I didn’t want it to end up this way. But, unfortunately, it’s true: Cleaving: A Story of Marriage, Meat, and Obsession, Julie Powell’s follow up to the best selling, immensely fun and delightful Julie and Julia: My Year of Cooking Dangerously, is not a very good book. It’s dull. It’s trite. And it reads more like an unbalanced woman’s rambling than something being marketed as the Hot Holiday Memoir.
I started my first Book a Week series with Julie & Julia. It’s a charming book where Powell sets out to cook every single recipe in Julia Child’s Mastering The Art of French Cooking. It started as a blog, and once the blog caught media fire, became a book, then a movie starring Meryl Streep and directed by one of my heros, Nora Ephron.
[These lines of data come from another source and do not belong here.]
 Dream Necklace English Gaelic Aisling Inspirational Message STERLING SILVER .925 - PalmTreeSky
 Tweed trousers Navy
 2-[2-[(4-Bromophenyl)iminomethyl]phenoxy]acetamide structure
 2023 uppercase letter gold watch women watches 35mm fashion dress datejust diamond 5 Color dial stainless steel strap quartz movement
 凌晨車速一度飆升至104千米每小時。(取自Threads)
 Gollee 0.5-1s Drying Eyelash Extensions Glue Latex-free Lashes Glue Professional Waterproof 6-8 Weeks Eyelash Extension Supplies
That book isn’t just about the cooking challenge, but also about being a 20-something stuck in the middle, and she can’t get out of it. She married young, which is part of the story. The other is not knowing what she wants to do in life. Together, those conflicts and a fun true life story formed a very funny blog and charming book. It inspired me to start this blog, even if I’m not keeping to the strict “book a week” format anymore. I found great inspiration in what she did, and it helped me take on a project to work through a breakup. It wasn’t a salve for everything, but it helped.
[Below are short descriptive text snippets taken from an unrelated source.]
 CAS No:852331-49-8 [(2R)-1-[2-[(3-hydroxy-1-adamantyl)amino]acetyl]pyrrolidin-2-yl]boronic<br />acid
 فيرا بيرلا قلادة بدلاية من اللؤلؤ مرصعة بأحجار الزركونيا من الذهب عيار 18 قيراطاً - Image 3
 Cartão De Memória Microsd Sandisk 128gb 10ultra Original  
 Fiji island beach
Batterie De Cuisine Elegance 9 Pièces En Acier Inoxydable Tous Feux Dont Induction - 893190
Cleaving is what happens after the fame and success, and it ain’t pretty. Powell apprentices for six months as a butcher’s shop in New York state after having a two year affair with someone she met in college. He’s a sinister creature, even if she tries not to describe him as so. He’s abrasive, distant, and plays her like a fiddle while her husband, a seemingly sweet guy, clings. The husband dates but still dotes on Powell, even as she makes little attempt to hide or end her affair.
Her actions are not what I’m judging here. It’s hard to see her as sympathetic, but I’ve been caught in a relationship I can’t shake, and I’ve read and appreciated books about far worse.
The reason I don’t like the book is because the retelling of the whole sordid thing is dull. She whines — a lot. Powell becomes that best friend who is dating the absolute wrong guy, knows it, still does it, and won’t shut up about it.
In this case, though, that friend wrote a book about it. It’s not something you want to listen to over the phone, and it doesn’t make for good reading.
What this book would have looked like if she wrote it from years from now? The narrative ends in February 2008. That’s hardly enough time to process the ordeal, especially since, even in the acknowledgments, it’s unresolved. Have you ever tried to write about a break up right after it happened? It’s impossible to do without sounding like a mopey teenager. In Cleaving, Powell has zero perspective. So when she tells the story, it reads like a diary recounting facts. The same kind of food writing is there, and some of the butchering information is fascinating, but it’s not nearly enough to prop up the book.
Friends have told me than an exeprt from Cleaving appeared in movie-branded version of Julie & Julia, and that’s where I think some of the problem lies. With all the attention heaped on the first book and the movie, I’m guessing Powell was under pressure to pop out another book. I read that the release has already been delayed once. The original timeline probably had the book publishing right when the movie hit, but now it’s coming out in December.
One lesson to take away from the book, and it’s more of a life one: marriage is not always the answer. Just getting married will not make people whole. It will not slice away all of their problems, their issues, and create a perfect being. It’s not a balm. Money and professional success aren’t either. This book shows that. Clearly.
I know a lot of people are going to buy this book anyway. The media storm means there’s a lot of interest in Powell, and I got my preview copy of Cleaving in September when it’s publishing in December. But if you’re looking for a good book on a break up that involves food, try Nora Ephron’s Heartburn, which is a fictionalized version of her break up with Carl Bernstein. It’s a caustic novel, but intelligent, funny, and includes the same kind of wonderful food writing that Powell is known for. But the difference is that Ephron makes us care about the characters. By shading the truth in fiction, she can say how she really feels. Powell is far from clear. She’s muddy in writing about herself, her husband, and her lover. A book about such an intense topic needs to be sharp. The wishy washy business? It’s a disappointment.